He was talking about his decision to come to work for the company a couple of years ago after 20 years in the trucking industry. He and owner/CEO Brian Tuohey had been best friends in high school and Mike had done a little business with Collins over the years, though not much because the company mostly delivered using its own trucks.
Hall made the job switch based mainly on Collins' aroma. Other members of the top management team, Brian and IT manager Mark Tuohey (Brian's brother), also came to the company from other industries. These outsiders help lead a company that achieves the startling performance of $15 million in sales with only 31 employees. That's a personnel productivity ratio about a quarter to a third higher than the norm for PVF firms in the annual ASA Operating Performance Report.
Most of the people who work for Collins have been there awhile, because there is virtually no turnover. Brian Tuohey, who also came from the trucking field, has been a part owner since 1989 and sole owner since buying out his partners in 1998. He almost formed the company as an ESOP, but backed away in the face of stiff government fees. Instead, he came up with a profit-sharing plan that gives people a sense of ownership as strong as one would expect to find under an ESOP.
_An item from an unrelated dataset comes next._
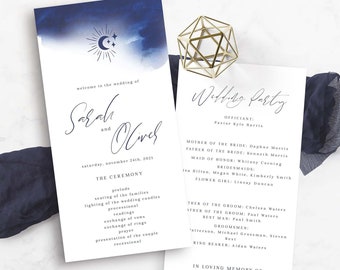 Celestial Watercolor Wedding Program, Sun Moon Stars Ceremony Program, Wedding Program Template, DIY Ceremony Program, Printable DIY Program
In recent years the company has grown from $10 million to $15 million in sales with the same number of people. Incentivization is Tuohey's guiding management principle, and it seems to work wonders.
The Charitable ChallengeTuohey is involved with several community and charitable endeavors, especially Habitat for Humanity. The well-known organization raises funds and sweat equity to build homes for deserving people down on their luck. Last year he agreed to have his company become a "house sponsor" for the group, a $60,000 commitment over five years.
Because everyone shares in the profits, Tuohey left it a group decision whether to take the donation out of earnings, or try to cover the pledge through cost-saving initiatives. The employees took it as a challenge to save their way toward funding the Habitat house. Many of them also volunteered their labor to help "blitz build" the house - a concentrated construction effort that puts up a house within days rather than months.
Only they didn't stop at 60 grand. In 2002, the company realized about $339,000 in savings without eliminating jobs, reducing pay or diminishing customer service. In fact, some of the cost-cutting measures enhanced their ability to serve customers.
It was an eyebrow-raising performance that holds lessons for all wholesalers. What follows is an itemized review of their savings:
$100,000 via delivery service reorganization
Mike Hall's trucking background paid big dividends here. Several elements came into play in changing the way Collins shipped products to market.
Since the company had five trucks in service, the tendency was to parcel out the delivery load among all five trucks, even if the orders could fit on three or four. It's a variation of Parkinson's Law, in which work expands to fill the time allotted for it - only substitute PVF for work and trucks for time. Collins was hardly the only firm in the industry falling under its spell.
Personal delivery was a source of pride, even when it didn't make economic sense. If a truck were headed on a run with a full load of pipe and another customer with a 10-lb. order was in the same general direction, the company would give the 10-lb. package to the driver and send him miles out of his way to drop it off. Collins saw this as great customer service, except ?
"Point of fact is, the customer doesn't care who delivers," says Hall, "only that he gets it on time."
Collins measured its average cost of delivery at $33. UPS could do it for between $3 and $4. So the company stepped up its use of UPS for small packages and common carriers for off-line deliveries.
In the process Collins was able to reduce the number of company trucks from five to three, one a flatbed. The company also reduced the size of the flatbed it leased to the largest size not requiring a commercial driver's license to operate. The CDL requirement meant delivery disruptions every time the sole CDL licensee took a day off. Now all company drivers can be used interchangeably.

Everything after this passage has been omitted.